A slew of top US officials including Coats, FBI Director Christopher Wray and Homeland Security chief Kirstjen Nielsen vowed to investigate and prosecute those who were trying to sway US opinion or carrying out what Wray described as "information warfare."
"Our democracy itself is in the crosshairs," Nielsen said in an unusually stark warning.
"This is not just an election cycle threat," Wray said. "Our adversaries are trying to undermine our country on a persistent and regular basis, whether it's election season or not."
The comments came in jarring contrast to the positions of President Donald Trump, but the two men dismissed suggestions the president -- who has repeatedly denied Russia moved to tilt the election in his favor -- is not taking the issue seriously.

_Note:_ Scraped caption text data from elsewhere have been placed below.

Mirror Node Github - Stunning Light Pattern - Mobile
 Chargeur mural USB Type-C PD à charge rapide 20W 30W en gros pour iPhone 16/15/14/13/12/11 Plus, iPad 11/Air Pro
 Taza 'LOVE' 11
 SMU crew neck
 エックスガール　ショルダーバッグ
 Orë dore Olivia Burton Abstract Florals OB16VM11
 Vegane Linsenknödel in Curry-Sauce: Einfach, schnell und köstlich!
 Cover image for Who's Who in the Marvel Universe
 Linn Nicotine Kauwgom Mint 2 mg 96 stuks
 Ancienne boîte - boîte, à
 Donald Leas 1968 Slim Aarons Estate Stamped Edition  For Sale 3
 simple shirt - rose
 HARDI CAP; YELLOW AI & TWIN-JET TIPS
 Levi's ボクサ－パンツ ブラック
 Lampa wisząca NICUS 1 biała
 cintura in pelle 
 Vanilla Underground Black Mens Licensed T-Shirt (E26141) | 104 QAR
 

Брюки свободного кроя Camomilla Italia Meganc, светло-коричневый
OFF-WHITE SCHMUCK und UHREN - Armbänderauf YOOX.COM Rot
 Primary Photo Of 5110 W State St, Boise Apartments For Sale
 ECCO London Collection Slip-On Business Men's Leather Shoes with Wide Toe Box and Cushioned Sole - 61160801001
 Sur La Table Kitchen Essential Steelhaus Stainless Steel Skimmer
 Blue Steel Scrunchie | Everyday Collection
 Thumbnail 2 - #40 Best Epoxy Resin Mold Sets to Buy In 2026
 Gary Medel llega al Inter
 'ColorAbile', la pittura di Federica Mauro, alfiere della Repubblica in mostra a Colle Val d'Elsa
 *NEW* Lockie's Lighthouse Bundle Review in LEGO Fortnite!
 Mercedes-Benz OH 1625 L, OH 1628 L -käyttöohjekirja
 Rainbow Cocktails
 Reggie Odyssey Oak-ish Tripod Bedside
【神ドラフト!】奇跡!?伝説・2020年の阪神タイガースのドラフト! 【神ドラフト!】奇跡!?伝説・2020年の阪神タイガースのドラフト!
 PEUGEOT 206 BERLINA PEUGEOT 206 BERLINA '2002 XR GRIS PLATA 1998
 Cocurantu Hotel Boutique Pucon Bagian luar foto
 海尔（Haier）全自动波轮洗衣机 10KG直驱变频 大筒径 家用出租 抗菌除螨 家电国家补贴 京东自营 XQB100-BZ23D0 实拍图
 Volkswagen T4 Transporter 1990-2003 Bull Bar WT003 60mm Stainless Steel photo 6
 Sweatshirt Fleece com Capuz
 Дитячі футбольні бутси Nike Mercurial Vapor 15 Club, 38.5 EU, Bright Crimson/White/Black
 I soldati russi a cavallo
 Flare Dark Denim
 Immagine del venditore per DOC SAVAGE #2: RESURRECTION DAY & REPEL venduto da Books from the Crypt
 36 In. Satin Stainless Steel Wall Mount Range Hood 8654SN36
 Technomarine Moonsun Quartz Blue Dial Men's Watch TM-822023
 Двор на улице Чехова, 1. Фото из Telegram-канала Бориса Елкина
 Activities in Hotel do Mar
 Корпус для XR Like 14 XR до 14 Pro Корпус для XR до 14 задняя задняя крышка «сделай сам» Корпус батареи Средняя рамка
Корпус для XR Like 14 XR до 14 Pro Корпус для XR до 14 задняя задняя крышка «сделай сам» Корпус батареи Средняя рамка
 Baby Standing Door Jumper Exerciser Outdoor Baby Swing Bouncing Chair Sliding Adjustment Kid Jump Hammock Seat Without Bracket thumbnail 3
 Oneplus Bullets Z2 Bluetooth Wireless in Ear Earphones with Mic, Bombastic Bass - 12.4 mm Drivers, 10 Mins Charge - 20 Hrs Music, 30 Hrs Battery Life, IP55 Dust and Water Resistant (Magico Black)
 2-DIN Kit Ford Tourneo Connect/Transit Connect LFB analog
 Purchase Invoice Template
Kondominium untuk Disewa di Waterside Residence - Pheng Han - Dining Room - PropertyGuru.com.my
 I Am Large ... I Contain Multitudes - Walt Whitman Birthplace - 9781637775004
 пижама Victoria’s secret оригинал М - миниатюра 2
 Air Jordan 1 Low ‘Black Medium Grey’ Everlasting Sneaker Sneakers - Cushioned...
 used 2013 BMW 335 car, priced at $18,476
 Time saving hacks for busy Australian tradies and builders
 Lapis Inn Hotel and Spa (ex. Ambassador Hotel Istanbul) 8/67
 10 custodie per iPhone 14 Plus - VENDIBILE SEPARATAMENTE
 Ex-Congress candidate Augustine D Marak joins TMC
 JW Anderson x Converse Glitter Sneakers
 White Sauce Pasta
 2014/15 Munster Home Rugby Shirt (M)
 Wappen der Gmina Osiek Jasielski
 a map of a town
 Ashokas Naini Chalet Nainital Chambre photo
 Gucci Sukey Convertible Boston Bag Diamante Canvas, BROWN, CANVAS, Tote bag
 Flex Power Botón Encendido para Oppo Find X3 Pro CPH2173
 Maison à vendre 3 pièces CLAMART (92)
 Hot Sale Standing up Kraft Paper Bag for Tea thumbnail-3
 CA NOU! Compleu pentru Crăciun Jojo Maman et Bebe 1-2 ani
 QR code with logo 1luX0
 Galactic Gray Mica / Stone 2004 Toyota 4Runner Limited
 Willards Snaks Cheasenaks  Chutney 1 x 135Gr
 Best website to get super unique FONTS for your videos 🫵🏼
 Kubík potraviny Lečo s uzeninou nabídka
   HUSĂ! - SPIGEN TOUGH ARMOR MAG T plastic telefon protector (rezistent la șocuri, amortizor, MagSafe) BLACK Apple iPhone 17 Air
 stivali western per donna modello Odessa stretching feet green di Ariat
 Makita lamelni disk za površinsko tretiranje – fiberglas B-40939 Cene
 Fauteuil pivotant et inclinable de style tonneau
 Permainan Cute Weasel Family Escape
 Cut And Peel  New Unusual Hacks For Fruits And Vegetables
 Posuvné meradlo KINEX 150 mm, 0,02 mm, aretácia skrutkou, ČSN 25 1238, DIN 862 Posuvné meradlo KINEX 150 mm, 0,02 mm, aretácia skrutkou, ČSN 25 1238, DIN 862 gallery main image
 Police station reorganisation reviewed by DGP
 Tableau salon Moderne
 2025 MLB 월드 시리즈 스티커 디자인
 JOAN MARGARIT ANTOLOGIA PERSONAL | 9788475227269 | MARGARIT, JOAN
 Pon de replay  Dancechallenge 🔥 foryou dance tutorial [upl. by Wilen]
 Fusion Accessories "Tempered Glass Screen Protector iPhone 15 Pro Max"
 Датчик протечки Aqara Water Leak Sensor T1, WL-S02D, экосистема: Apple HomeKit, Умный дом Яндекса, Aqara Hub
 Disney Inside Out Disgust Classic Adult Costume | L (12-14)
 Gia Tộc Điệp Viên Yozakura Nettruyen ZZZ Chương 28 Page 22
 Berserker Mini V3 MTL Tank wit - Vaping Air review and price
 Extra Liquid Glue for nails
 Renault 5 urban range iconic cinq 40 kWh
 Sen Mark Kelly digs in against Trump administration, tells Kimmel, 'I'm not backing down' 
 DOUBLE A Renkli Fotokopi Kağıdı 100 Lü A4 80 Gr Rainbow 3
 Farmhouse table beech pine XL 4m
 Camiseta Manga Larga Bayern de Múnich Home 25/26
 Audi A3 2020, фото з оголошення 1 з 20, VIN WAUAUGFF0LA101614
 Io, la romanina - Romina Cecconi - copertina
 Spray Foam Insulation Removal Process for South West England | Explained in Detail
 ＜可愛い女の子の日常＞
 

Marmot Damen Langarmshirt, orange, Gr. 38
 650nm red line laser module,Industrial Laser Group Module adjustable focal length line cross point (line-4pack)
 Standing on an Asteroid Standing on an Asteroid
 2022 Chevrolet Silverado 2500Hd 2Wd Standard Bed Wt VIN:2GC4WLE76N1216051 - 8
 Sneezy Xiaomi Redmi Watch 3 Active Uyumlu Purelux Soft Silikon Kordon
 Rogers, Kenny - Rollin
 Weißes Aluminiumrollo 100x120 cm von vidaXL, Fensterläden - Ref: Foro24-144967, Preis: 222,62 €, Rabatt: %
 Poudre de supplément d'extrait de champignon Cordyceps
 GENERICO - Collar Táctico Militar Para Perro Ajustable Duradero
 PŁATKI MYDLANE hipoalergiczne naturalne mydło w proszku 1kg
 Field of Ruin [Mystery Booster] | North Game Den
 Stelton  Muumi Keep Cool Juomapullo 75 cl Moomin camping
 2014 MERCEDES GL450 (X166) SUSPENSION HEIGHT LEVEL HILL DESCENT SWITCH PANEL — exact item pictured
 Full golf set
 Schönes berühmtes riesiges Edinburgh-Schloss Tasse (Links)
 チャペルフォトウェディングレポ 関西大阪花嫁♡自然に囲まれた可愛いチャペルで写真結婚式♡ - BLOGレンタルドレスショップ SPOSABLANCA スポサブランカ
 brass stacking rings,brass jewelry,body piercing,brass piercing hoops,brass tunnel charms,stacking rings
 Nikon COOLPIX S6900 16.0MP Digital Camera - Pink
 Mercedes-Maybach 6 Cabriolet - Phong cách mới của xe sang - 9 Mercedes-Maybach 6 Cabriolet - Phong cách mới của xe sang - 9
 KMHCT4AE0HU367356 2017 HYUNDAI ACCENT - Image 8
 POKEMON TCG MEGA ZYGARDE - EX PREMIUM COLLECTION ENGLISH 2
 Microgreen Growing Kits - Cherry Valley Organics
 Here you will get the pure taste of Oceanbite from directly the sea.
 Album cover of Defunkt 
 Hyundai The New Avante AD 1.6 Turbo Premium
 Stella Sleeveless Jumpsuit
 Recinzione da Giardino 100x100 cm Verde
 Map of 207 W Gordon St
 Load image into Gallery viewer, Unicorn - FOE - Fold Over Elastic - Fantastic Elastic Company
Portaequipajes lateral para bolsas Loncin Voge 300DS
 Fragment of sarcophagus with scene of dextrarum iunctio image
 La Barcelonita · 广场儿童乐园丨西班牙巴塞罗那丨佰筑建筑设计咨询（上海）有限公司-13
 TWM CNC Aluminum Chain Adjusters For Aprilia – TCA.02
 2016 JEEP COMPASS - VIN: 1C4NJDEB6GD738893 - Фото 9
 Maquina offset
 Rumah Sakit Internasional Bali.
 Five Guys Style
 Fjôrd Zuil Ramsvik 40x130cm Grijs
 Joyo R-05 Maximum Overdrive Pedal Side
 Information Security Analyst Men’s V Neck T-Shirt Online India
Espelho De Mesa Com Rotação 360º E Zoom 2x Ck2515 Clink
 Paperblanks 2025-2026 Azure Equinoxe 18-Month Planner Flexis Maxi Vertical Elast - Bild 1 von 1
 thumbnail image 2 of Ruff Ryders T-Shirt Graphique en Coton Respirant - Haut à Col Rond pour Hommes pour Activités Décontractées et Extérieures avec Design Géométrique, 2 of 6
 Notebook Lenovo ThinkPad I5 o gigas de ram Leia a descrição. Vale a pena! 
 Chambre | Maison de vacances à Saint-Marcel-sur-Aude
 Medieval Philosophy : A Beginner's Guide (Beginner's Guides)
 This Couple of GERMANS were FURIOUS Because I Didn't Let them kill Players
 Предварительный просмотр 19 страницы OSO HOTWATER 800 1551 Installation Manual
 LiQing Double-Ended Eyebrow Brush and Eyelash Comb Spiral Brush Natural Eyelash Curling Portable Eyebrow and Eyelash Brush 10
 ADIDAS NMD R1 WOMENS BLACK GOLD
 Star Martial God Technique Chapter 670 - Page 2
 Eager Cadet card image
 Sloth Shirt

In a letter to Congress, National Security Advisor John Bolton said the administration had taken "extensive, historic action" to stop the threat.
Trump has mulled easing sanctions against Moscow, held warm meetings with Russian President Vladimir Putin and refused to criticize him over the meddling in the 2016 election.
He has also repeatedly called for an end to the investigation into Moscow's meddling, which has seen more than 20 Russians indicted so far.
Asked whether the American people could trust the adminstration to do its job, Wray responded: "I can assure the American people that the men and the women of the FBI, from the director all the way on down, are going to follow our oaths and do our jobs."